In Canada, franchising is regulated at the provincial level. Ontario’s franchise legislation is named the Arthur Wishart Act (Franchise Disclosure) 2000 (the “Wishart Act”). The Wishart Act basically follows the US model of requiring a disclosure by a franchisor to prospective franchisees. This is remedial legislation, aimed at ensuring that franchisees are sufficiently informed prior to undertaking the significant financial risks of acquiring a franchise.
The Wishart Act applies to all franchised businesses that are operated, or that will be operated, partly or wholly in Ontario. The Act: l) imposes an obligation on the franchisor to deliver disclosure information to prospective franchisee, 2) imposes a duty of fair dealing on both parties to a franchise agreement (in respect of the performance and enforcement of the agreement), and 3) gives franchisees a right of association with one another.
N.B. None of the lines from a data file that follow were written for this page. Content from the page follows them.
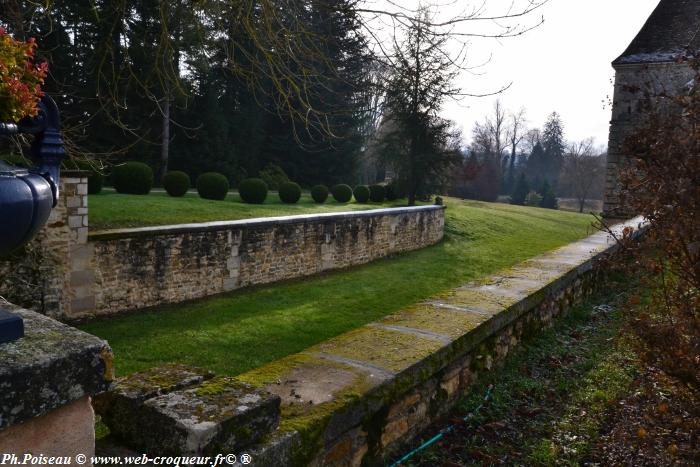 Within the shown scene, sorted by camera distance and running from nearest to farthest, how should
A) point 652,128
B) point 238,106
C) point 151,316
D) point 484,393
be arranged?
point 484,393, point 652,128, point 151,316, point 238,106

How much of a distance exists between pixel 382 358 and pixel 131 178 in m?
15.8

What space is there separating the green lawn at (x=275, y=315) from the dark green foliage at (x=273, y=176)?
14.0 m

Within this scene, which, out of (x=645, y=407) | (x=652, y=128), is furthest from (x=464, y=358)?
(x=652, y=128)

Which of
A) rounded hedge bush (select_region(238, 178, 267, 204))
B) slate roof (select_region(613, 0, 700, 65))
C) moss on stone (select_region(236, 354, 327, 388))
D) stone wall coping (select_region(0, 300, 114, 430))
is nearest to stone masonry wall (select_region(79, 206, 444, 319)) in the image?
moss on stone (select_region(236, 354, 327, 388))

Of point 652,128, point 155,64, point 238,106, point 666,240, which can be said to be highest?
point 238,106

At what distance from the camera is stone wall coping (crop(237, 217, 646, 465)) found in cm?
245

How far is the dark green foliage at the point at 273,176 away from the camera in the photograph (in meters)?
27.3

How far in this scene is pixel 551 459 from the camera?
315 cm

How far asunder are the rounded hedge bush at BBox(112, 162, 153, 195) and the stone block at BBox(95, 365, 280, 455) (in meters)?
16.2

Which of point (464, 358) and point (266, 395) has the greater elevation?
point (266, 395)

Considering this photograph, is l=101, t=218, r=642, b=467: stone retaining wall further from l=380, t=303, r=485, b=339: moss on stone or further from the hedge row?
the hedge row

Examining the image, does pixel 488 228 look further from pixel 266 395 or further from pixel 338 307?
pixel 266 395

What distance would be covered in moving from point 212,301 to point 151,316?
1243 mm

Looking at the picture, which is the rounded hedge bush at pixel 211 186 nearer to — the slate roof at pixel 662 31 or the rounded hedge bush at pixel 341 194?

Each franchisor to which the Wishart Act applies has an obligation to deliver a disclosure document, personally or by registered mail, to each prospective franchisee. The disclosure document must be accurate, clear and concise, and must meet the requirements set out in the regulations to the Wishart Act. All the prescribed information must be contained in a single document, and must be delivered at least 14 days prior to the date on which the franchisee executes an “agreement relating to the franchisee”, or the date on which the franchisee pays considerations to the franchisor, whichever comes first (as set out in section 5(1) of the Wishart Act).